For just having 3 levels...fully ON, fully OFF, and 'somewhere in between' it would probably be over kill to use a PIC, or fully controllable PWM. I think a good half way point would be a simple 555 timer, or possibly a two level current source.

A 555 timer can be used for PWM, with a standard astable circuit, connect your '0-12v dimming' control line to pin 5 of the 555 via a voltage divider (if the 555 is powered by 5v, don't give it 12v on any pin!).....or even simpler, connect the 'dimming' control line to the 'reset' pin. When the 12v is high, the timer will run at its configured frequency, and duty cycle (ergo: with the correct part values, it'll be 'dim') and when the 12v source is 0V, the 555 will stop running, and leave its out 'high', (ergo: full brightness). If the control line works the other way, then a simple transistor inverter would do.

I'm just spitting out idea's here man, its what I do :D If you need anything more, I have some free time at the weekend for a rough schem.

Yet another idea: Although even new cars still insist on using crappy 'bulbs' in the dash for lighting, if there are any LEDs in the dash, you could check those to see if they are dimmed by current, or PWM. If its PWM, then you could just 'tap' that line, use that to turn on/off a transistor with the power to your backlight. (don't do it direct, as you need 3v, and the LED's circuit in the dash may be muich higher).

Well thats food for thought at least....at most I'd say a NE555 timer chip, with a few resistors/caps and possibly a transistor or two........at the very least maybe a transistor and a few resistors....to be honest I'm half asleep so working out specifics ain't on the cards right now :eek:

Cheers,

Blueteeth
 
Thanks guys.

Much thanks guys, I think I understand where to start/go from here. I'll give it a shot and report back if I've got more questions.

-Jason
 
Blueteeth said:
varying the current....its not really a good way of doing it.
I disagree, there's nothing wrong with varying the current, it's varying the voltage that's more likely to cause you problems.

The only thing is that varying the current is normally harder than simply using PWM which is also more predictable and is why it isn't normally done.
 
Oops, 'varying the voltage' thats what I meant :eek: Thats what I get for posting at 2am :D Sorry to cause any confusion. I agree with the PWM thing though, probably the best way to dim LED's

-Blueteeth
 
Connect the (+) line of the back light to the (0, 12)V line through a diode like 1N4004 and the (-) line through a resistor to the 0...9V line. Be sure not to mix the back light (-) with the signal ground.

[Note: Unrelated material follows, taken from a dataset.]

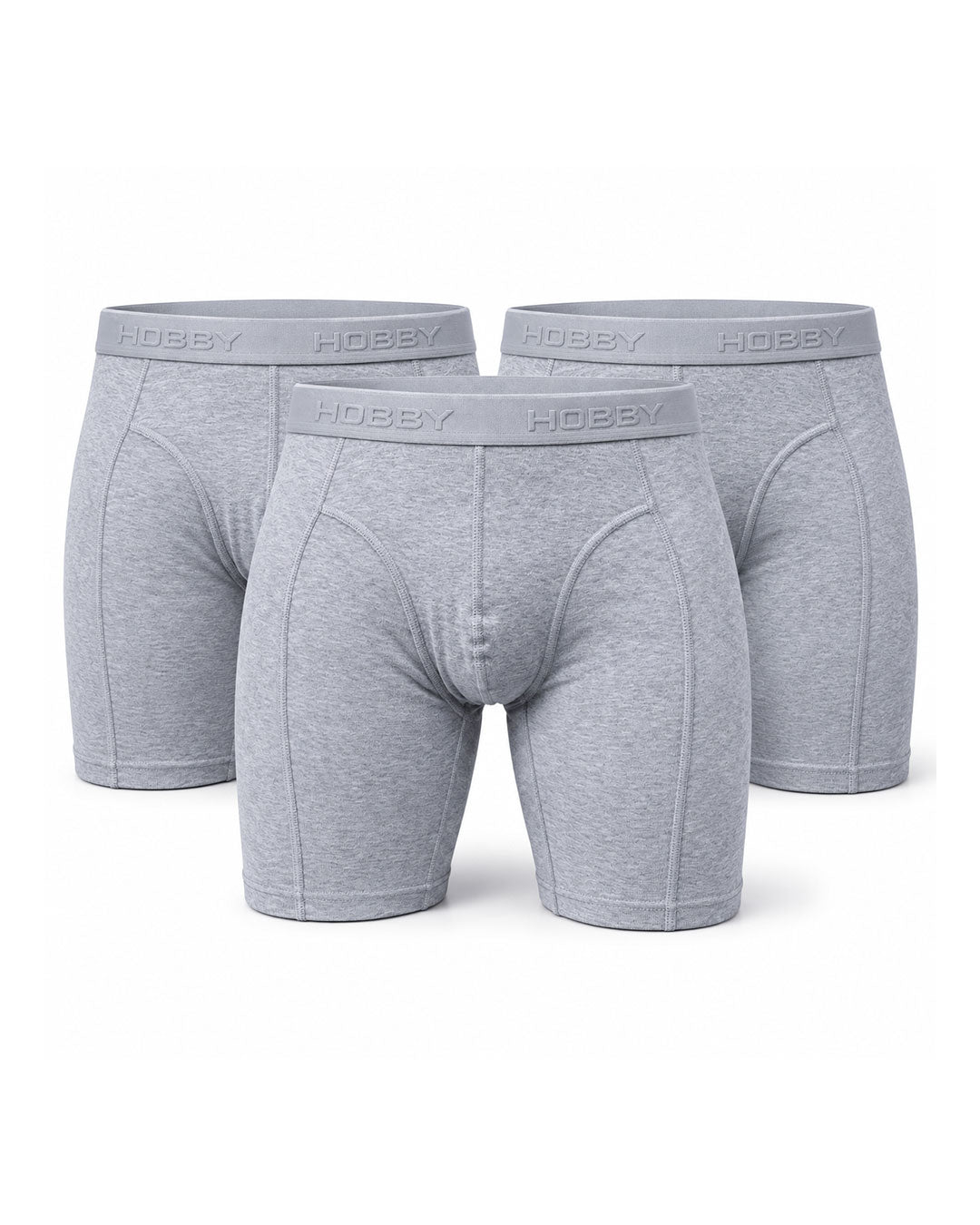 Gray Long Boxer Pack of 3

If your back light needs say 3V at 50 mA for full brightness, then the resistor should be (11V/0.050A) ohms (your 12V is actually closer to 14V). This example would be 220 ohms, 1 watt. If you only have 1/4 watt resistors it would be (4) 1K ohm resistors in parallel.

If you want the back light also to be ON when the headlights are OFF, use the ACCessory line instead of the headlight power.